I have my doubts about the utility of privilege theory (and strong concerns about the effects it has on civil discourse).

But for those who take it seriously, one aspect of privilege that has been explored to a lesser extent is personal security. That is, if it is to be talked about at all, it is typically about how underprivileged groups are more likely to be the target of violence because of their identity, especially if the perpetrator is considered to belong to a privileged class.

Surprisingly, very little attention is given to the fact that state actors enjoy tremendous privileges (for example, notice how, in the event of police brutality, the focus is almost always on the races of the officer and victim and almost never on the privileges police enjoy, such as qualified immunity from civil liability, extra due process protections as listed in the “Law Enforcement Officer’s Bill of Rights,” and preferential treatment from investigating officers and prosecutors).

At least part of the reason for this lack of attention is that to criticize the privilege of government police is also to question the legitimacy of state power itself — something that adherents of privilege theory are hesitant to do as they tend to see state power as the solution to social problems. It is just that the right people need to be in charge of it.

This is probably also why we see so little criticism of gun control advocacy by privilege theorists (the overwhelming majority of whom are probably such advocates themselves), even though this — the ability of the individual, particularly the underprivileged individual, to legally possess the means of self-defense — ought to be jealously defended by them, for they argue that these individuals are precisely those who face the most danger in society. Based on the types of arguments made by privilege theorists on other issues, they should be highly critical of gun control advocates.

For one thing, notice the type of gun violence, as well as the type of gun, most focused upon by the media and by politicians — mass shootings and “assault-type” weapons. This is strange, if we are to believe they are truly concerned about providing an accurate portrayal of gun violence. According to the Bureau of Justice Statistics, less than one percent of all homicides each year in the U.S. are from shootings where 3 or more are killed. And between 1993 and 2011, 70 to 80 percent of firearm homicides (and 90 percent of nonfatal victimizations) were committed with a handgun, not a scary-looking assault rifle.

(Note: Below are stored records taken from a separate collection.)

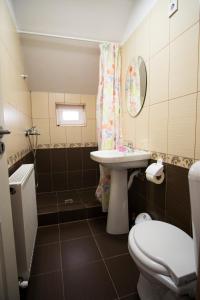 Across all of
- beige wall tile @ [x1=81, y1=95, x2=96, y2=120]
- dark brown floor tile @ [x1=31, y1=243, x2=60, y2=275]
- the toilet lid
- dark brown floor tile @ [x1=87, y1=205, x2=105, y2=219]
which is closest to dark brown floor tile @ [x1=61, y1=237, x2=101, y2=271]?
dark brown floor tile @ [x1=31, y1=243, x2=60, y2=275]

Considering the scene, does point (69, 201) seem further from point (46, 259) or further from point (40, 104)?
point (40, 104)

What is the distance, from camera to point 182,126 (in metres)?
1.11

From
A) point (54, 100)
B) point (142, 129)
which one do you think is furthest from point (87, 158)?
point (142, 129)

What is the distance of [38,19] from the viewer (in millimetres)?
1655

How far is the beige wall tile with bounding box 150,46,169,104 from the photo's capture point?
4.06 feet

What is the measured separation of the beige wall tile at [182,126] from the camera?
1041mm

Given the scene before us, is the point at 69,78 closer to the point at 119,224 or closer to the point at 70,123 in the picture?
the point at 70,123

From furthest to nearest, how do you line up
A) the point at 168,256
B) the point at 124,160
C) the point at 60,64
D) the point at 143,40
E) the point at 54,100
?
the point at 54,100, the point at 60,64, the point at 143,40, the point at 124,160, the point at 168,256

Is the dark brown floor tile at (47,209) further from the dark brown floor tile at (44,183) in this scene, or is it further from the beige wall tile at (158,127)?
the beige wall tile at (158,127)

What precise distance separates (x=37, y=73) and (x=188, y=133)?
1989 millimetres

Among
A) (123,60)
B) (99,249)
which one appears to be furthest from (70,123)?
(99,249)

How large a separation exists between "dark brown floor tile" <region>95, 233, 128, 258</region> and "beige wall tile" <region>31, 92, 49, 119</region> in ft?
6.05

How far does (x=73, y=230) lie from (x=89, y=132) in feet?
4.91

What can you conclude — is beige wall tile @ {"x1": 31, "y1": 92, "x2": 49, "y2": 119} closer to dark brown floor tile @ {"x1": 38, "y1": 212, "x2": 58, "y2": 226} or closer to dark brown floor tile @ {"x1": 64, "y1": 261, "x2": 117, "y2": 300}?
dark brown floor tile @ {"x1": 38, "y1": 212, "x2": 58, "y2": 226} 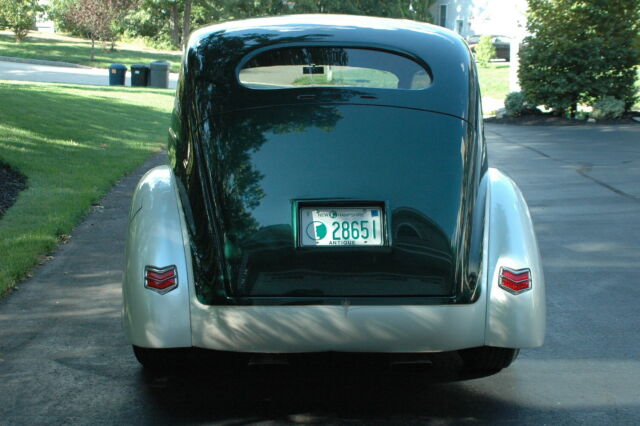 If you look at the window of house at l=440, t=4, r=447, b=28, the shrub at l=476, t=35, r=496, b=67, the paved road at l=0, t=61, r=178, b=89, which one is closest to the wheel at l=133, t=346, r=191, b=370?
the paved road at l=0, t=61, r=178, b=89

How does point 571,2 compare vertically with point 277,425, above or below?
above

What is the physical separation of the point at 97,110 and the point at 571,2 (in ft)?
38.5

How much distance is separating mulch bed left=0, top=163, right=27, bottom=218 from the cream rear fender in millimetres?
4725

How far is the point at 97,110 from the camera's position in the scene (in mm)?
18438

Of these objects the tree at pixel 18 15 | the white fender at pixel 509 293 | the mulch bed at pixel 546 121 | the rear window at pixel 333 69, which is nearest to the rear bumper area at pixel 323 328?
the white fender at pixel 509 293

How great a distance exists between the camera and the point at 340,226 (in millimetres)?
4203

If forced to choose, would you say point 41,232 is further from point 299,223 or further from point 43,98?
point 43,98

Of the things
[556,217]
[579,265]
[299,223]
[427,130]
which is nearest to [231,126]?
[299,223]

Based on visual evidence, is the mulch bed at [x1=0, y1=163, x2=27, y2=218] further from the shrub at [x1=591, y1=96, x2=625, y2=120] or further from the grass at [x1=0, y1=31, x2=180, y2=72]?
the grass at [x1=0, y1=31, x2=180, y2=72]

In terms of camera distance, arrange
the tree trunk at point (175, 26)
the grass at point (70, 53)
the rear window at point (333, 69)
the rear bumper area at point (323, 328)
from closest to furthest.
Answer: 1. the rear bumper area at point (323, 328)
2. the rear window at point (333, 69)
3. the grass at point (70, 53)
4. the tree trunk at point (175, 26)

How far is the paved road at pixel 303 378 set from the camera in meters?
4.26

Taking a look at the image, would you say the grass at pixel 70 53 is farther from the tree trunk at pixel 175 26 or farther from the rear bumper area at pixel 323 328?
the rear bumper area at pixel 323 328

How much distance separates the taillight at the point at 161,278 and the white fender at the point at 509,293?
4.91 ft

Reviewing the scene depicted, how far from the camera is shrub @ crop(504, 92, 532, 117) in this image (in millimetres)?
21844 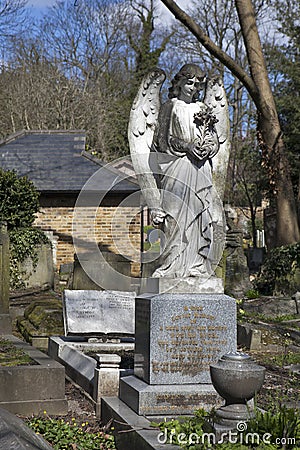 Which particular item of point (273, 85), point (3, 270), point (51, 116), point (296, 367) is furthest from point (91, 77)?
point (296, 367)

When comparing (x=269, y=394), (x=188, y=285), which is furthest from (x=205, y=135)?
(x=269, y=394)

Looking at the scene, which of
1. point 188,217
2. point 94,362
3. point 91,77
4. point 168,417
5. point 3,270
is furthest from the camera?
point 91,77

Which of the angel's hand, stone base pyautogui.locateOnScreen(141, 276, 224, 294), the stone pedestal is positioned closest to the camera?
the stone pedestal

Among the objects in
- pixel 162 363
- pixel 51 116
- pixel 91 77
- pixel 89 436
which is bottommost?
pixel 89 436

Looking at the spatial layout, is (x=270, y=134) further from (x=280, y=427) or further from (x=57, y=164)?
(x=280, y=427)

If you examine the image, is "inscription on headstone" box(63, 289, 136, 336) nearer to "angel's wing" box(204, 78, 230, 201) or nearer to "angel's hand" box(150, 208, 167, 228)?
"angel's wing" box(204, 78, 230, 201)

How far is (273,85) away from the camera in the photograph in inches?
1110

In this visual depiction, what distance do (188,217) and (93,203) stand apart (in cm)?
1396

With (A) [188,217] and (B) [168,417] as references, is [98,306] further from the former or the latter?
(B) [168,417]

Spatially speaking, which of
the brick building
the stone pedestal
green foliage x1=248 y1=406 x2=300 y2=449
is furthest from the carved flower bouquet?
the brick building

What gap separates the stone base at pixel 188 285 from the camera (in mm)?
7223

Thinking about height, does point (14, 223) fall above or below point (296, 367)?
above

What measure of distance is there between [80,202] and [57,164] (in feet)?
4.84

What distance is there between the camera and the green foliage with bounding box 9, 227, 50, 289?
55.3ft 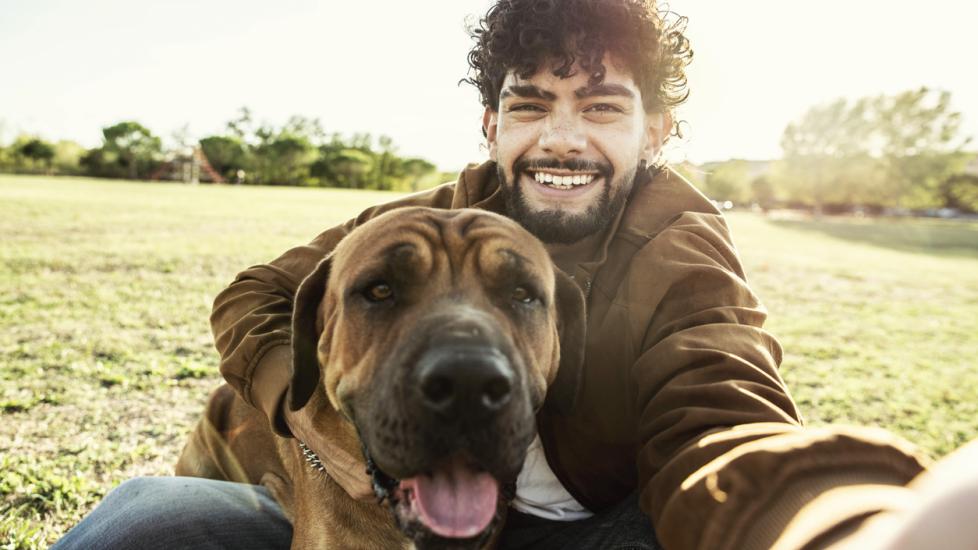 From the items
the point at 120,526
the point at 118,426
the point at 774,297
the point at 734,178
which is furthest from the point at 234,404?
the point at 734,178

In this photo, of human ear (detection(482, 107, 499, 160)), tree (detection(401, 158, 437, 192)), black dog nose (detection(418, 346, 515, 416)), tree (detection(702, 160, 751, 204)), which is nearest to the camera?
black dog nose (detection(418, 346, 515, 416))

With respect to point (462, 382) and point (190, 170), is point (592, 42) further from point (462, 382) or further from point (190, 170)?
point (190, 170)

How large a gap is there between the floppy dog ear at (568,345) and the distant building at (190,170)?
101 m

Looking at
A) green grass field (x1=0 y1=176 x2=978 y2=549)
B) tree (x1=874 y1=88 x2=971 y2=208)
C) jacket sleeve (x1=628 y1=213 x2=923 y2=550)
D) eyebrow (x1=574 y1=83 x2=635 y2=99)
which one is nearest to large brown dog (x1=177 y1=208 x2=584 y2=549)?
jacket sleeve (x1=628 y1=213 x2=923 y2=550)

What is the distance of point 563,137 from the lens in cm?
338

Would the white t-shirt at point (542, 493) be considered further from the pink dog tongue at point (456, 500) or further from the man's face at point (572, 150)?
the man's face at point (572, 150)

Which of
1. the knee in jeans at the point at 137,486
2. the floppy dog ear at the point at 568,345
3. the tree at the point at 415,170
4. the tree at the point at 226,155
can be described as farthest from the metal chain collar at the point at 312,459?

As well, the acts of gun violence where middle class white people are the victims — i.e., the demographics that are not most frequently victimized — tend to receive the most media attention. However, African-Americans suffer a firearm homicide rate 5 to 6 times higher than all other racial groups. Despite comprising about 13 percent of the U.S. population, African-Americans were 59 percent of the victims of non-fatal gunshot wounds who were treated in hospital emergency rooms in 1993, the peak year of gun violence in the last 23 years. (There has since been a decline in gun violence: homicides declined 39 percent between 1993 and 2011, while nonfatal firearm crimes declined 69%.) But these are not the victims focused upon by the media or politicians.

Why not? A large part of the explanation can be attributed to their privilege. Few of the politicians, celebrities, or media personalities advocating further gun restrictions live in a dangerous neighborhood. Many of them can afford to live in a gated community and hire personal private security, or have such security provided to them at taxpayers’ expense. They are able to drive, not walk, through dangerous areas, if not avoid them entirely.

As such, they have little to lose in terms of safety if further restrictions on private gun ownership are implemented. The types of gun violence they are most concerned about are rare events occurring in places where middle and upper class people can imagine themselves: places like college campuses, night clubs, and movie theaters — not the inner-city. Despite railing against the racism of police that people in poor communities face, they tend to give no thought to how these individuals, who do not enjoy the same level or quality of police protection that they do, will protect themselves. The privilege (especially of the politicians) is of the worst kind: state privilege that is not only indifferent to the suffering of the less privileged but actively working to make it worse.